Material provided -
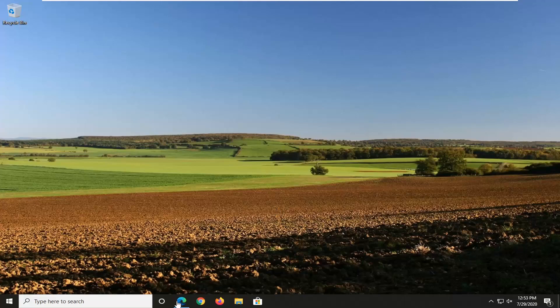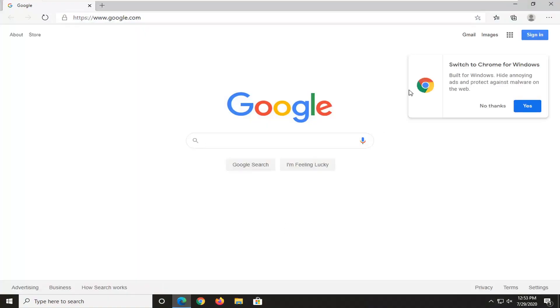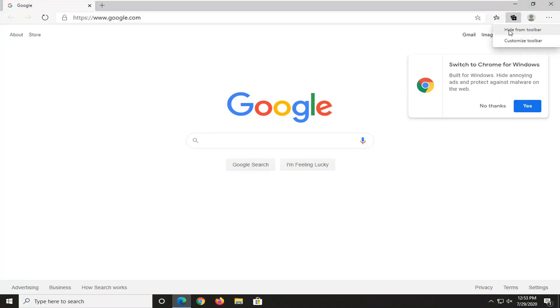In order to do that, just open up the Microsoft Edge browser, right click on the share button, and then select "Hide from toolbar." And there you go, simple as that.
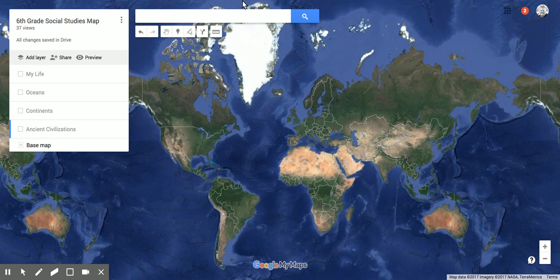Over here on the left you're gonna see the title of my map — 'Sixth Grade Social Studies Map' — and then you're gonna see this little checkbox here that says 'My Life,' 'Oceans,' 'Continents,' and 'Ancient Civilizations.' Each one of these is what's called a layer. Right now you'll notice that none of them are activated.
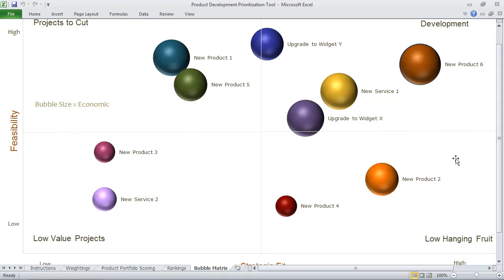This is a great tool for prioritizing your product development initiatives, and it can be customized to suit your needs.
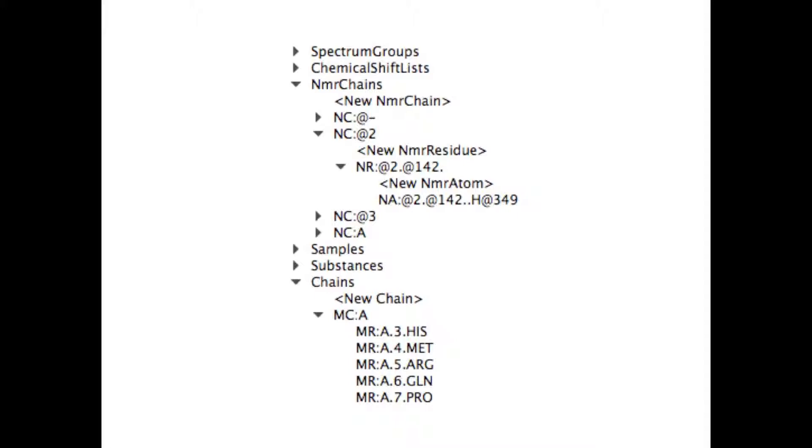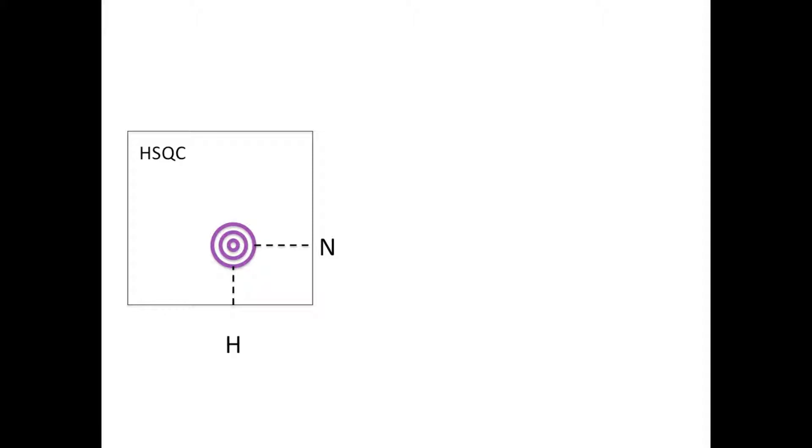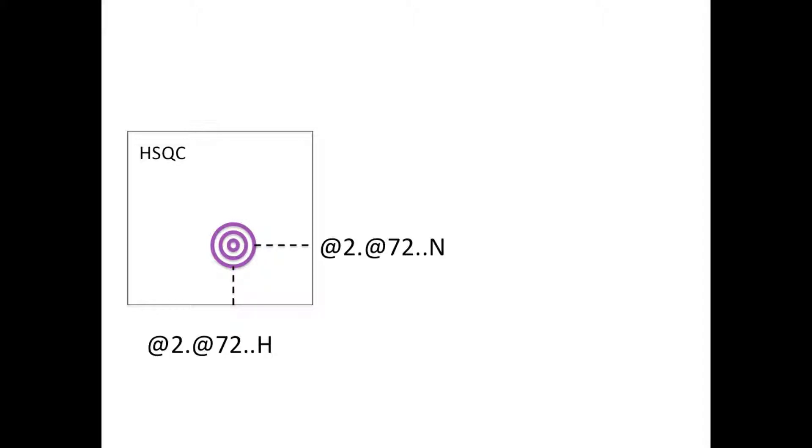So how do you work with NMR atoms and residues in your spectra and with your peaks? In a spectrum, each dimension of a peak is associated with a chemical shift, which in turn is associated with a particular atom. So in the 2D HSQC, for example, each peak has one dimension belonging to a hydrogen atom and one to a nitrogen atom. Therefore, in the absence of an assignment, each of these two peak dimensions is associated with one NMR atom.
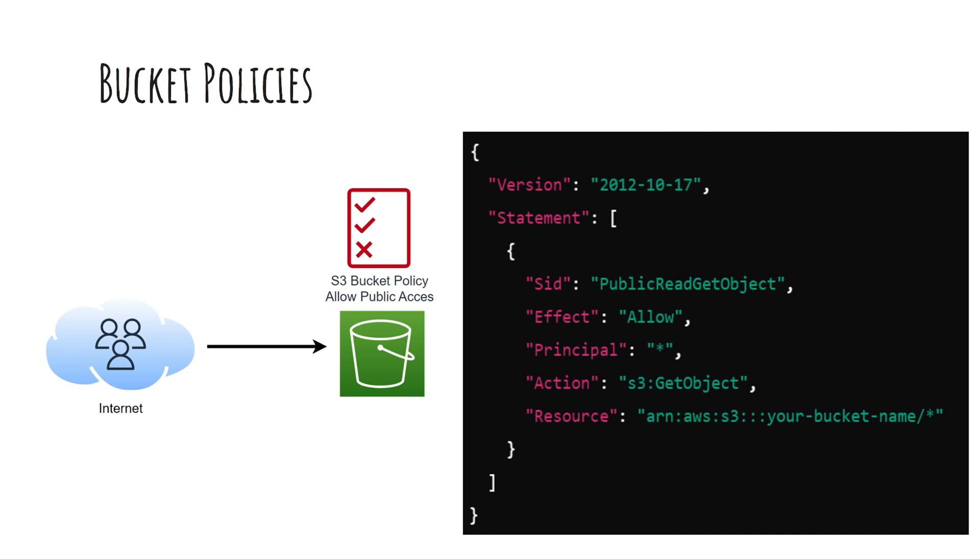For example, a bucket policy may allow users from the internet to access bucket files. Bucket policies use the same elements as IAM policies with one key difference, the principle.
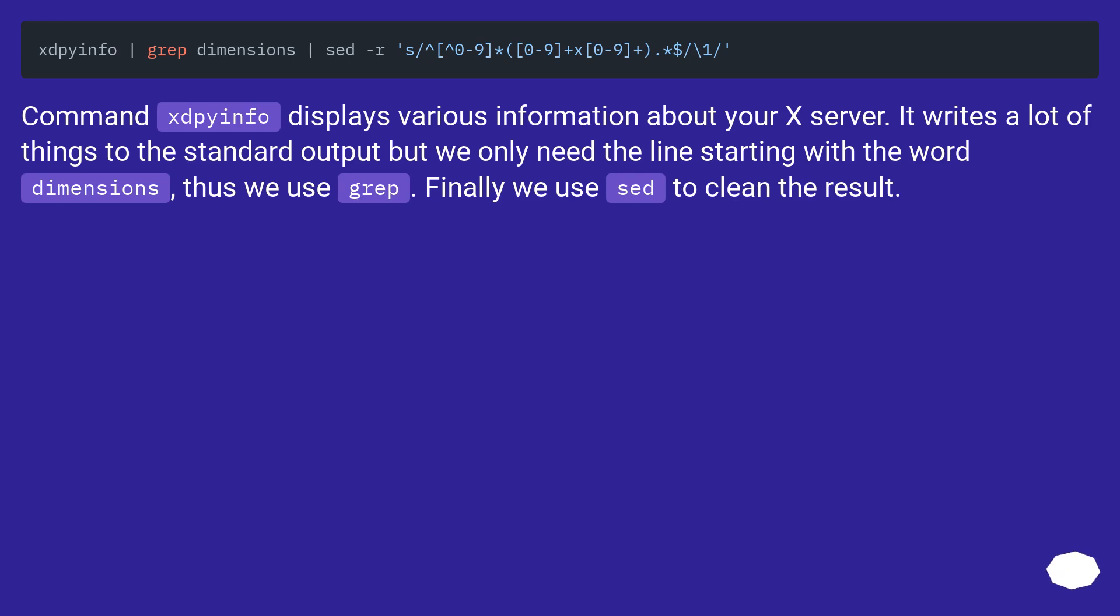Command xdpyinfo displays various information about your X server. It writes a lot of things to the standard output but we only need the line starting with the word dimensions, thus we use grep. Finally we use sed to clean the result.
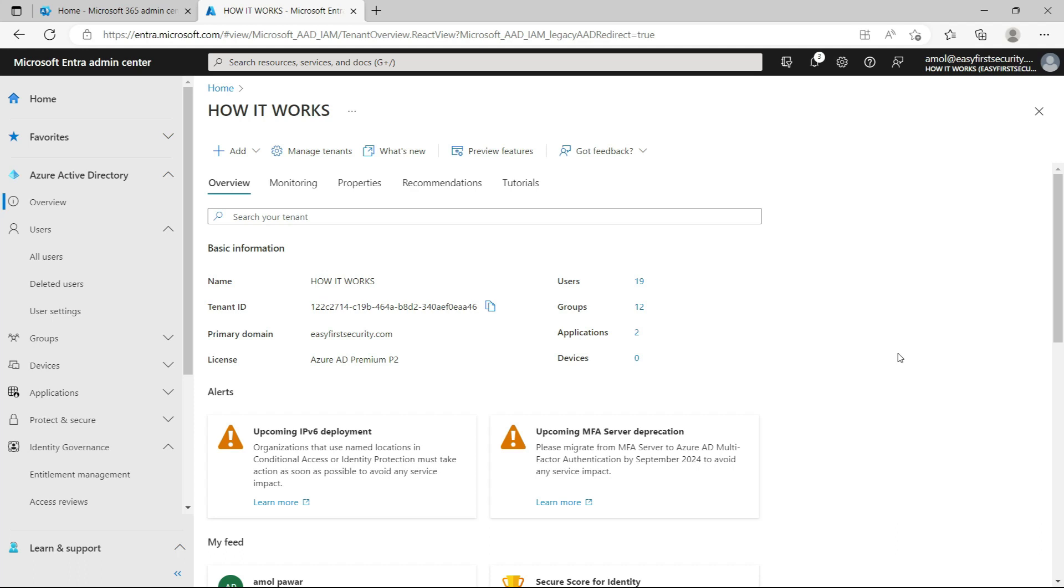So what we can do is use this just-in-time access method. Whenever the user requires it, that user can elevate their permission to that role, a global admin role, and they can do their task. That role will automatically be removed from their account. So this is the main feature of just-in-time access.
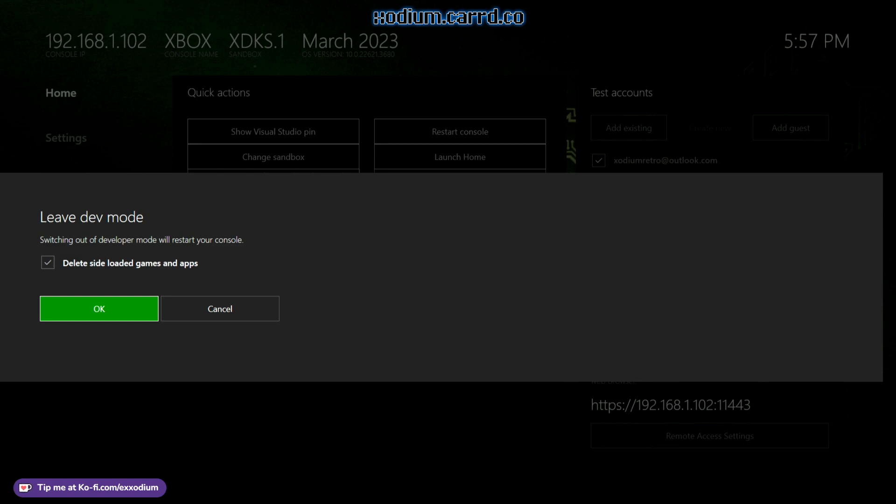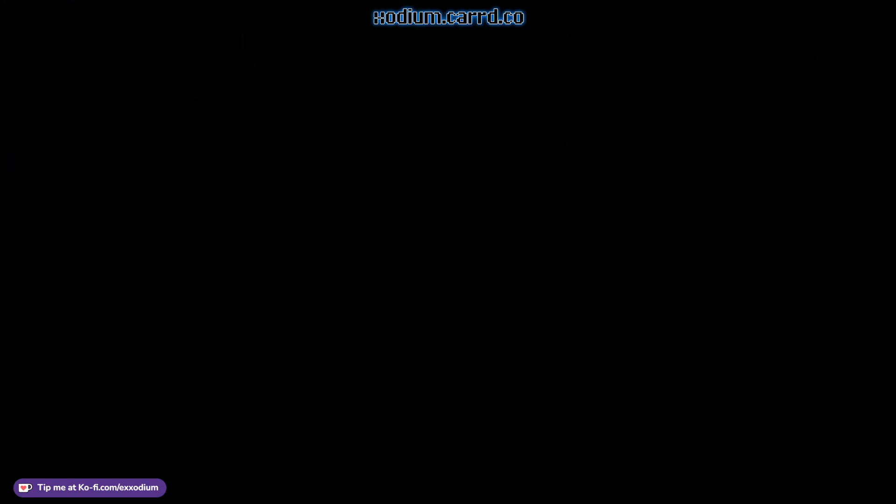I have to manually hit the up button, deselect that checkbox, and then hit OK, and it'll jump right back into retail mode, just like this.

Exercise details - Your task is to return the lines above, from the first one up to and including the line containing "This is a great", minus any pictures.

Task response -
In order to do that, just open up the Microsoft Edge browser, right click on the share button, and then select "Hide from toolbar." And there you go, simple as that.
Over here on the left you're gonna see the title of my map — 'Sixth Grade Social Studies Map' — and then you're gonna see this little checkbox here that says 'My Life,' 'Oceans,' 'Continents,' and 'Ancient Civilizations.' Each one of these is what's called a layer. Right now you'll notice that none of them are activated.
This is a great tool for prioritizing your product development initiatives, and it can be customized to suit your needs.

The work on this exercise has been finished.